Director: Tom Green
Cast: Johnny Harris, Sam Keeley, Joe Dempsie, Nicholas Pinnock, Kyle Soller, Parker Sawyers
Screenplay: Jay Basu, Tom Green
119 mins. Rated R for graphic war violence, pervasive language, some strong sexual content/nudity and drug use.
I remember the excitement around the original Monsters film, at least around film fans and cinephiles. A big Lovecraftian monster film made on a shoestring budget? So shoestring that the director pretty did most of the visual effects work by himself as well as a number of other duties on the film? This was madness, and it also felt like a passion project rarely seen in major film. It was exciting, and the finished film has its problems, and it’s a mixed bag, but there was a lot of potential, and when I heard that a sequel was coming about, I was intrigued. There was that potential, about to be realized, and for some reason, the sequel came and went without a lot of fanfare. I finally caught up to it this year, and we’re going to break down this disappointment.
Several years after the first film, the alien creatures have also begun appearing in a new Infected Zone in the Middle East. We follow our heroes, a group of friends deployed to the IF for their first tour of duty. As the crew set out on a search and rescue mission, they find themselves engaged against new enemies, both human and otherworldly.
Monsters: Dark Continent is trying to be a monster movie and a war movie. The problem is that its monsters are few and far between, and the war elements are so chock-full of cliché and boring storytelling that it doesn’t really succeed at either. It’s trying to get at social commentary, much like the first film, but it fails in its critique of our involvement in the Middle East, the themes are shoved down our throats, and the plot is full of soulless exposition and a lack of narrative fluidity. We don’t get enough time to know our core group of characters so when they get picked off, one by one, I found myself not caring. Dark Continent struggles with the same issues as most American Kaiju films in that they cannot mine an interesting human story to play off the supernatural one going on all around them. These humans are boring.

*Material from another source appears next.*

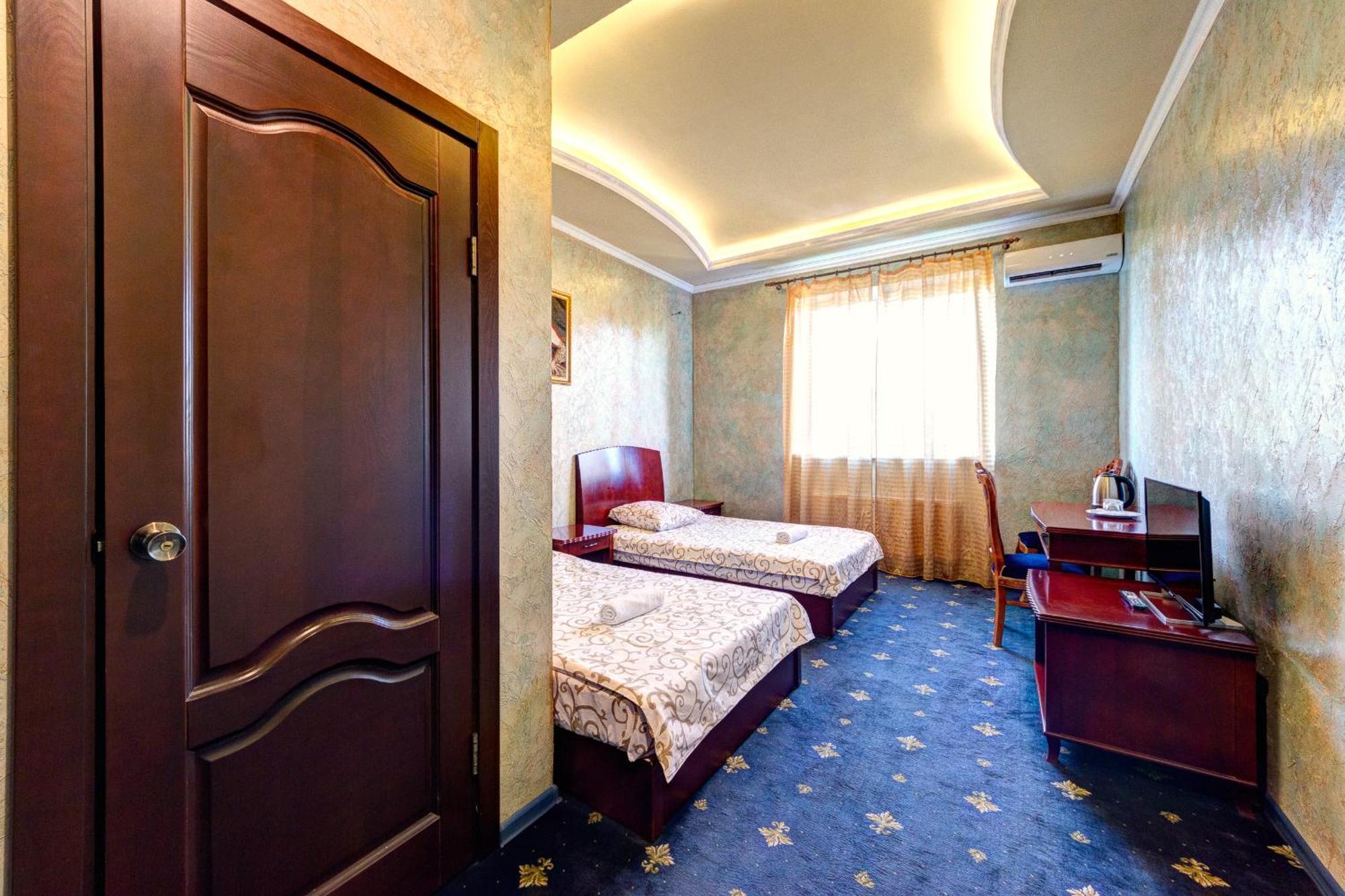 Hotel Kiev Lomakin Exterior photo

The acting isn’t all that particularly strong. Out of the core group of leads, Joe Dempsie (Game of Thrones: The Last Watch, The Damned United) is easily the most engaging, but he has nothing to do. The rest of the cast is rounded out by actors that just seem bored in the movie, or perhaps they don’t know what to do.
The monster sequences are the only element of the film that really works (I would argue that the creature work is as good or better than the original), but there just isn’t any purpose to them. Remove the monster elements of the movie called Monsters: Dark Continent, and the film doesn’t change. It’s still a bore (a way too long bore, coming in just under 2 hours).
Monsters: Dark Continent is a disappointing failure. It’s faults take a potential franchise with a lot of potential value and crash it into the ground. Very little actually works here, which is a shame, as the initial concept is interesting enough for the attempt. There’s just little in terms of entertainment value, and the film’s limited successes can all be found in similar, better movies.